::: DATA
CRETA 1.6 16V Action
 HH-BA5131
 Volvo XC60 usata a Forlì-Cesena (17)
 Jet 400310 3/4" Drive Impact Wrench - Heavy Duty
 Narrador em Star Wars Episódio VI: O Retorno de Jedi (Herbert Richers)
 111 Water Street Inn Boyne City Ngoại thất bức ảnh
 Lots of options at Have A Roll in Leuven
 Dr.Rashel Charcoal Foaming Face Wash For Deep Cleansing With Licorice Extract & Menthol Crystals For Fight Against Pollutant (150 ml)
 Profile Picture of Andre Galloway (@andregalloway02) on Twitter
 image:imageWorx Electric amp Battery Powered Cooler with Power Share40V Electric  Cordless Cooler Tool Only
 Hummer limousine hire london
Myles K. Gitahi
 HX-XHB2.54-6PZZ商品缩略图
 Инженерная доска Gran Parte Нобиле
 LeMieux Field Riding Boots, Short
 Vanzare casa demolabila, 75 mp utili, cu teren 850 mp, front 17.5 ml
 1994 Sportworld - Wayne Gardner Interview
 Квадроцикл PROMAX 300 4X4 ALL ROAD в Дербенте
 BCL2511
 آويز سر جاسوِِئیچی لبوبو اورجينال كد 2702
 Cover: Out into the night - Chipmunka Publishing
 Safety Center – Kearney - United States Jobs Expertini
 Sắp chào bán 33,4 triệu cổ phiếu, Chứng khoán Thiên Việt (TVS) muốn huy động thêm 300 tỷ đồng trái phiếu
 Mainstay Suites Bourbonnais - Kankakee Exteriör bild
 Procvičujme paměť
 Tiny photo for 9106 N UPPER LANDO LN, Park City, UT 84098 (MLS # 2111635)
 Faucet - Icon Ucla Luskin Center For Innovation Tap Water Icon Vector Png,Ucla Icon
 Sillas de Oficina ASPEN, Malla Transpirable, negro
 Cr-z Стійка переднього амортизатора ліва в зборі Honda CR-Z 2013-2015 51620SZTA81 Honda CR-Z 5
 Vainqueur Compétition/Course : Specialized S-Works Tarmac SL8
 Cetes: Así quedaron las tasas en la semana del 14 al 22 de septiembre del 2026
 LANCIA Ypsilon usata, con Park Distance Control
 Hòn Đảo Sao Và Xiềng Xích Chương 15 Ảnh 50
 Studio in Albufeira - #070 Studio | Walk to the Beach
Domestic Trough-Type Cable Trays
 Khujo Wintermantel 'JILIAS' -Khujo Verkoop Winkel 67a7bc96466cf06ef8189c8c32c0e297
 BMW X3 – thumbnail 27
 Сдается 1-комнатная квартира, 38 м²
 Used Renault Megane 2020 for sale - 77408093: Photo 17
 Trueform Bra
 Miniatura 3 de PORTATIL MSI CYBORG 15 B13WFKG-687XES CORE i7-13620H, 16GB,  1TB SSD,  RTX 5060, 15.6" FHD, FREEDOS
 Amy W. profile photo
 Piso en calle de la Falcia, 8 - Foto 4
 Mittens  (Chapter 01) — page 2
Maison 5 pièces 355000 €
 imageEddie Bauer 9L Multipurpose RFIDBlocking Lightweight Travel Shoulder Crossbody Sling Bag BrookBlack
::::::
YOUR INSTRUCTIONS
Give an exact reproduction of the lines from the one with "Cr-z Стійка переднього" to the final line of the entries, including both.

ANSWER SPACE
 Cr-z Стійка переднього амортизатора ліва в зборі Honda CR-Z 2013-2015 51620SZTA81 Honda CR-Z 5
 Vainqueur Compétition/Course : Specialized S-Works Tarmac SL8
 Cetes: Así quedaron las tasas en la semana del 14 al 22 de septiembre del 2026
 LANCIA Ypsilon usata, con Park Distance Control
 Hòn Đảo Sao Và Xiềng Xích Chương 15 Ảnh 50
 Studio in Albufeira - #070 Studio | Walk to the Beach
Domestic Trough-Type Cable Trays
 Khujo Wintermantel 'JILIAS' -Khujo Verkoop Winkel 67a7bc96466cf06ef8189c8c32c0e297
 BMW X3 – thumbnail 27
 Сдается 1-комнатная квартира, 38 м²
 Used Renault Megane 2020 for sale - 77408093: Photo 17
 Trueform Bra
 Miniatura 3 de PORTATIL MSI CYBORG 15 B13WFKG-687XES CORE i7-13620H, 16GB,  1TB SSD,  RTX 5060, 15.6" FHD, FREEDOS
 Amy W. profile photo
 Piso en calle de la Falcia, 8 - Foto 4
 Mittens  (Chapter 01) — page 2
Maison 5 pièces 355000 €
 imageEddie Bauer 9L Multipurpose RFIDBlocking Lightweight Travel Shoulder Crossbody Sling Bag BrookBlack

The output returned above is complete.